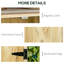 Armoire de rangement de jardin, remise à outils extérieure avec dessus galvanisé et deux tablettes, armoire d'entrée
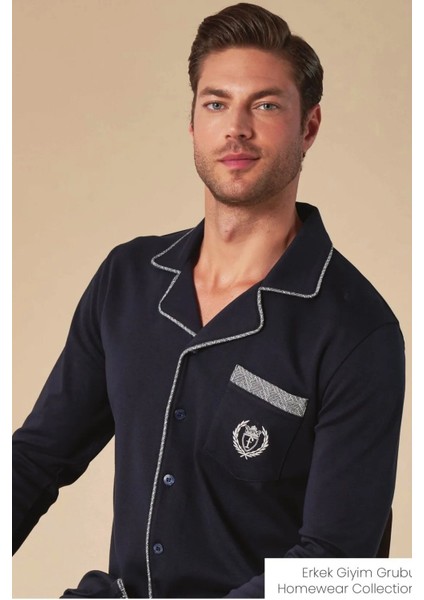 Erkek Boydan Düğmeli Pijama Takım 5131 fiyatları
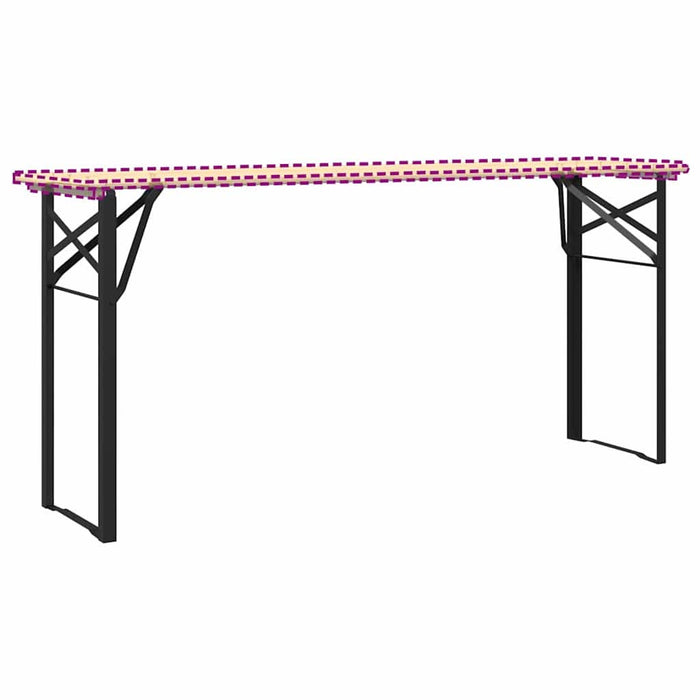 Picior de masă pentru bere 2 pcs Negru 39 x 3 x 75 cm - WALTI WALTI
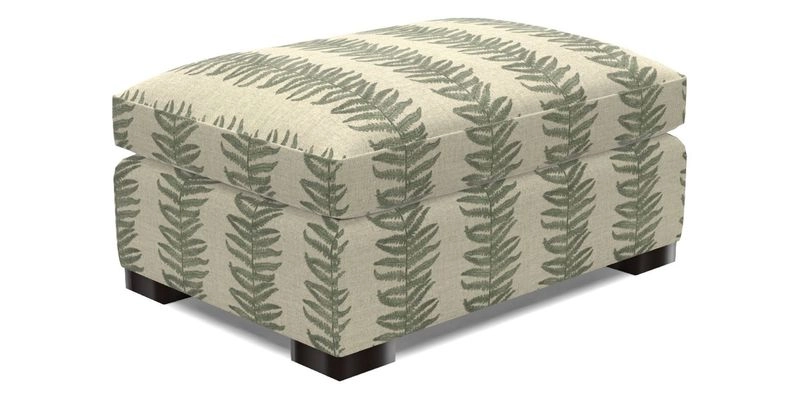 Wadenhoe Storage Footstool in Two Tone Plain Biscuit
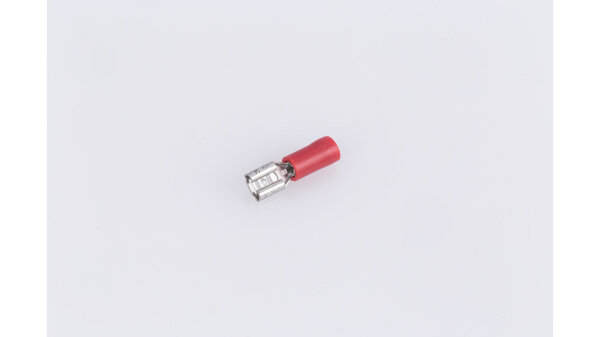SPAHN Flachsteckhülse Isoliert, Packung à 1 rot, 4,8 mm - 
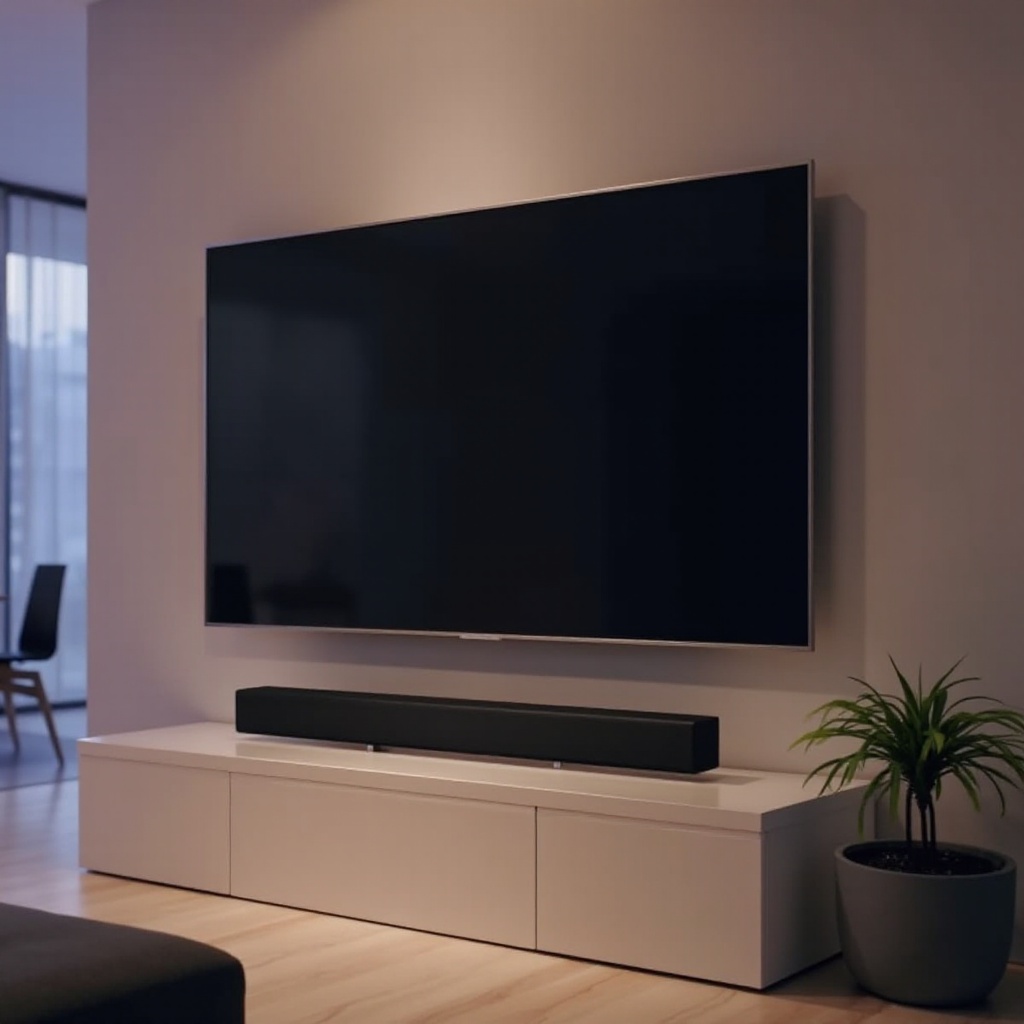 soundbar voor aan de muur gemonteerde tv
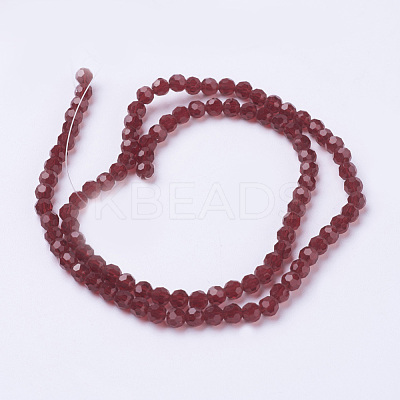 Glass Beads Strands EGLA-J042-4mm-20-1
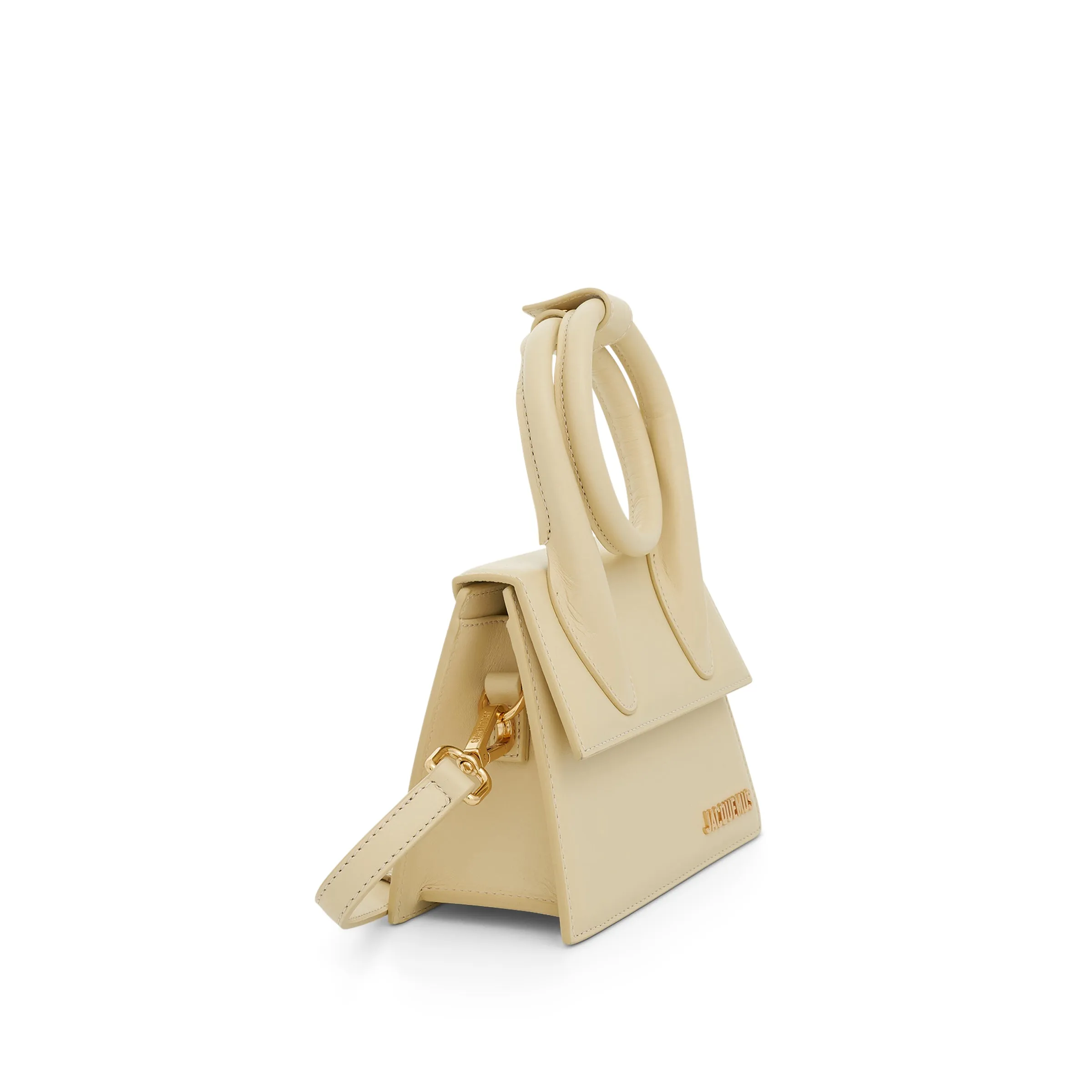 Le Chiquito Noeud Leather Bag in Ivory sold by MARAIS product image thumbnail 2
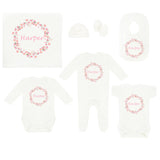 Personalized Coming Home Outfit- Pink Flowers
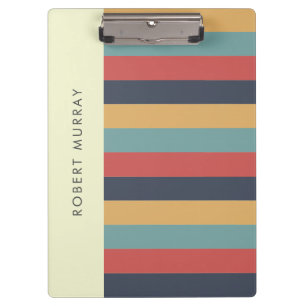 Porte-bloc Blocs de couleur de la vibe d'été Vintage rétros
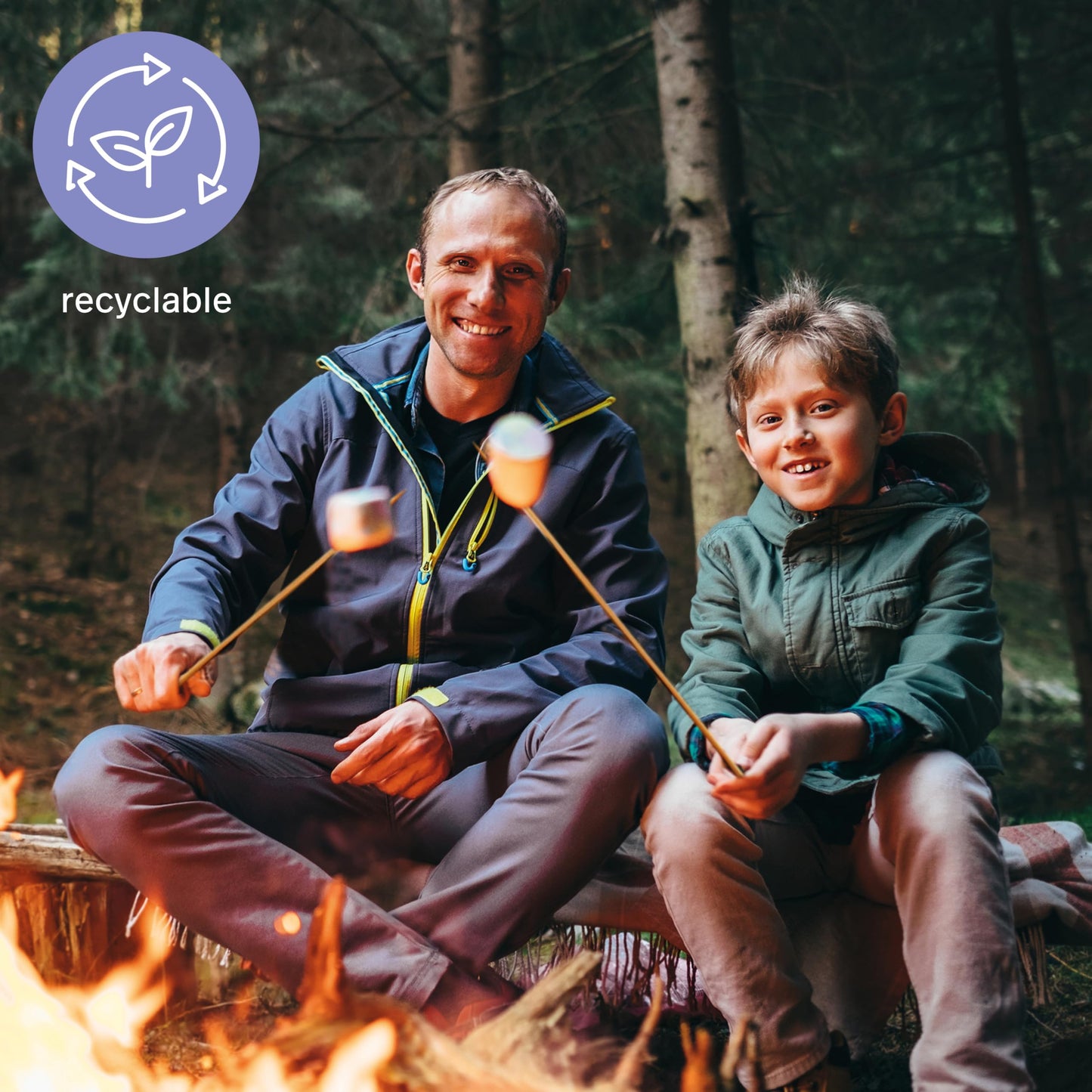 MATANA 100 Stück XXL Holzspieße, Stockbrot Spieße, Marshmallow Spieße, 90cm (0,6cm/6mm Dick) - Lange Grillspieße - Schaschlik, Marshmallows, Lagerfeuer - Stabil & 100% Natürlich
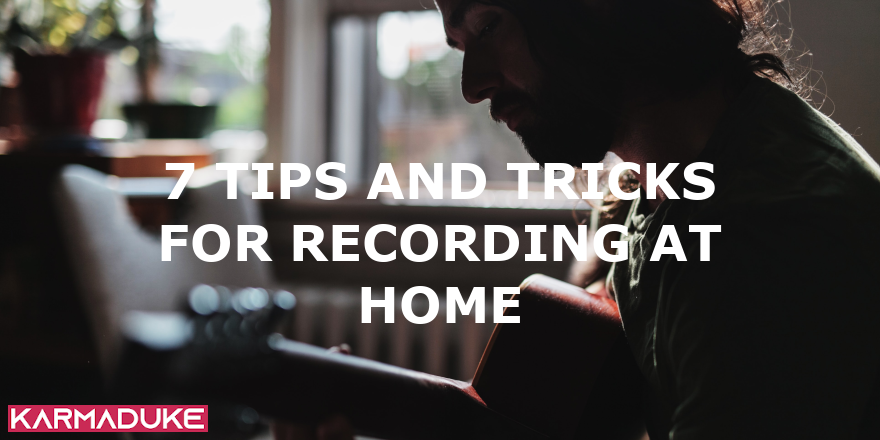 KarmadukeSocial's tweet photo. Good Friday to you all. Here is the first part of our " Tips and Tricks" series. As all of us are stuck at home due to #COVID19 we decided to give you some tips on how to record music at home. #home #recording 
Follow if you like this and would like to see more! https://t.co/kvguNZxMDW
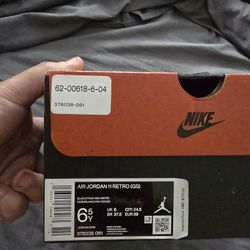 Jordan 11 Breds 6.5y $300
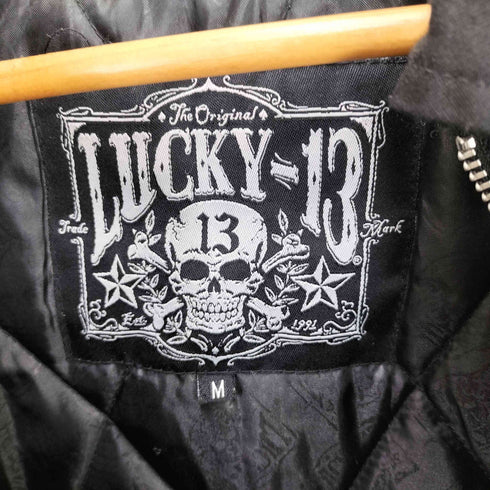 LUCKY13 裏地キルティング ACE CAFE LONDON 刺繍 ジップアップ ジャケット メンズ import:M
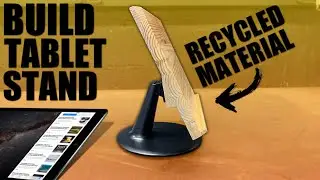 How to Make a Homemade Wooden Tablet Stand - DIY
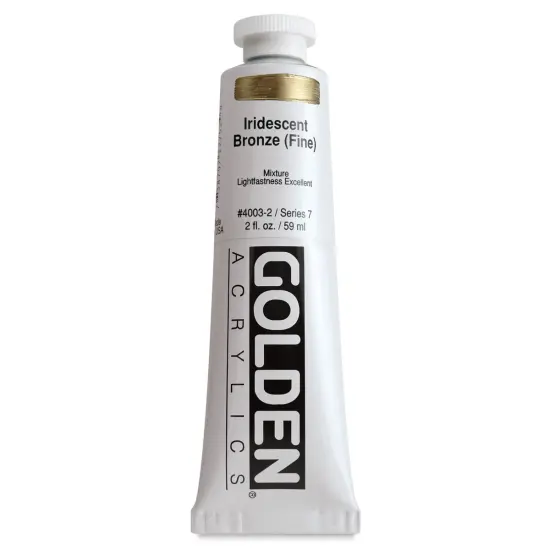 Golden Heavy Body Acrylic Paint - Iridescent Bronze (Fine), 2 oz Tube {1}
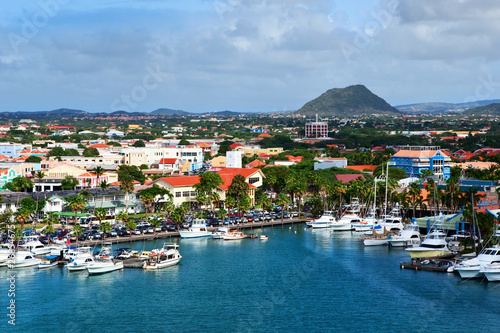 Marina on a tropical island.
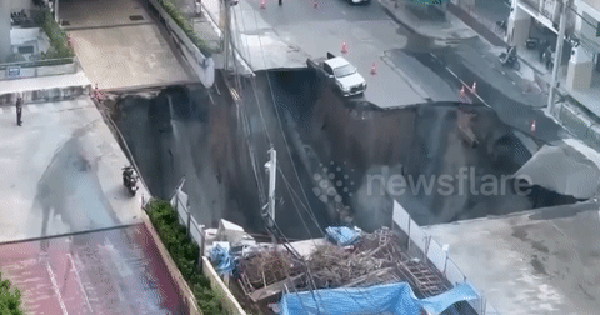 Kinh hoàng trước bệnh viện: "Hố tử thần" sâu 50m, diện tích gần 900m2 xuất hiện, khu vực phải sơ tán gấp avatar1770537841453 1770537842002463537794gifpng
━━━━
> ACTIVITY:
Starting at the line that contains "Porte-bloc Blocs de", write out every line through the final line of the entries, word for word; skip any pictures.

> FINISHED TASK:
 Porte-bloc Blocs de couleur de la vibe d'été Vintage rétros
 MATANA 100 Stück XXL Holzspieße, Stockbrot Spieße, Marshmallow Spieße, 90cm (0,6cm/6mm Dick) - Lange Grillspieße - Schaschlik, Marshmallows, Lagerfeuer - Stabil & 100% Natürlich
 KarmadukeSocial's tweet photo. Good Friday to you all. Here is the first part of our " Tips and Tricks" series. As all of us are stuck at home due to #COVID19 we decided to give you some tips on how to record music at home. #home #recording 
Follow if you like this and would like to see more! https://t.co/kvguNZxMDW
 Jordan 11 Breds 6.5y $300
 LUCKY13 裏地キルティング ACE CAFE LONDON 刺繍 ジップアップ ジャケット メンズ import:M
 How to Make a Homemade Wooden Tablet Stand - DIY
 Golden Heavy Body Acrylic Paint - Iridescent Bronze (Fine), 2 oz Tube {1}
 Marina on a tropical island.
 Kinh hoàng trước bệnh viện: "Hố tử thần" sâu 50m, diện tích gần 900m2 xuất hiện, khu vực phải sơ tán gấp avatar1770537841453 1770537842002463537794gifpng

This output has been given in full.